Two years ago this week, to mark Sunshine Week, the Mackinac Center began promoting transparency at all levels of Michigan government and has been providing encouragement for every school district in the state to take up the challenge of posting spending online, Braun said.
At that time, just one district was known to be providing this information. Today, there are 65.
Ravenna Public Schools is an example, having begun to post its spending in July of 2009.
"We're doing this in order to be as transparent financially as possible," said Superintendent John Van Loon. "Anytime we can keep the public informed, we are more than happy to do so."
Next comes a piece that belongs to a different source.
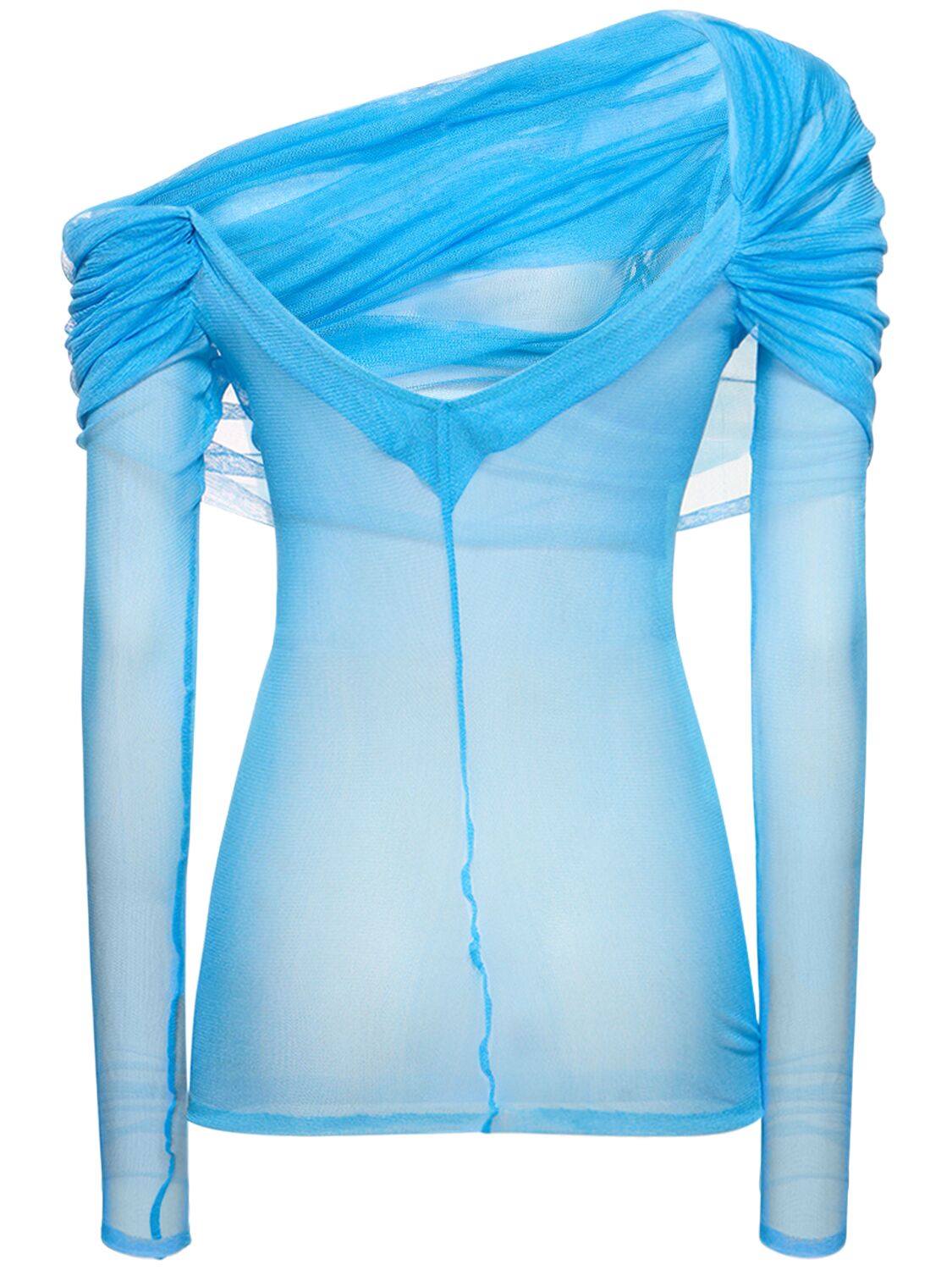 Shop Christopher Esber Veiled Silk One Shoulder L/s Top In Blue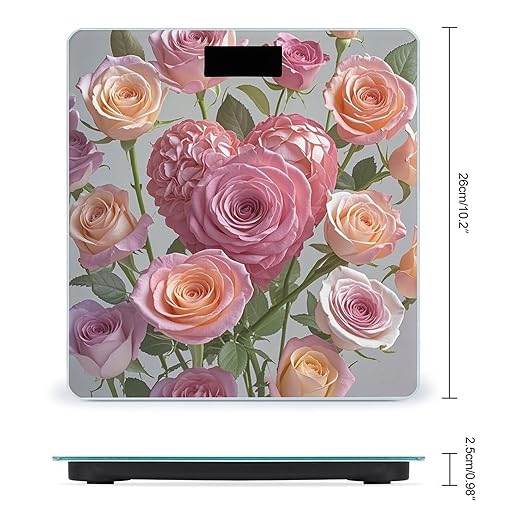 Heart Roses Weight Scale Highly Accurate Digital Weighing Scale with Large LCD Display Smart Bathroom Scales for Home Bedrooms and Gift Giving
The vast majority of Michigan school districts, however, are still failing taxpayers by staying secretive about their spending. All 551 school districts in Michigan have been contacted by the Show Michigan the Money project in the last two years, and nearly all have had more than a year to respond to at least one request.
"After two years, we know who cares most about telling the taxpayers where their money goes," Braun said. "All of the 'A' students in the transparency class have been identified, and the rest are apparently celebrating Sunshine Week 2010 by skipping class."
Grand Rapids, Warren Consolidated, Ann Arbor, Lansing, Flint and Detroit are some of the largest districts in the state still unwilling to post their spending online.
While districts in southeast Michigan have been overwhelmingly receptive to the project — more than half of Oakland County districts are among the 'A' grades — the big disappointment is in the Grand Rapids area, where there appears to be almost no participation. Not one district located in Allegan, Kent, Ottawa or Barry counties has stepped forward to be placed on the list.
Ravenna, in nearby Muskegon County, is the first district from that area to provide a check register. Greenville Public Schools, just across the border in Montcalm County, has also been doing so since last spring.
"If you grade by region, then the Grand Rapids area gets an 'F,'" noted Braun. "It's as if they had a meeting and decided to set themselves apart by ignoring the Internet and seeking to maintain Michigan's most secluded school spending data."
The list of all participating schools is available at www.showmichiganthemoney.org/9329.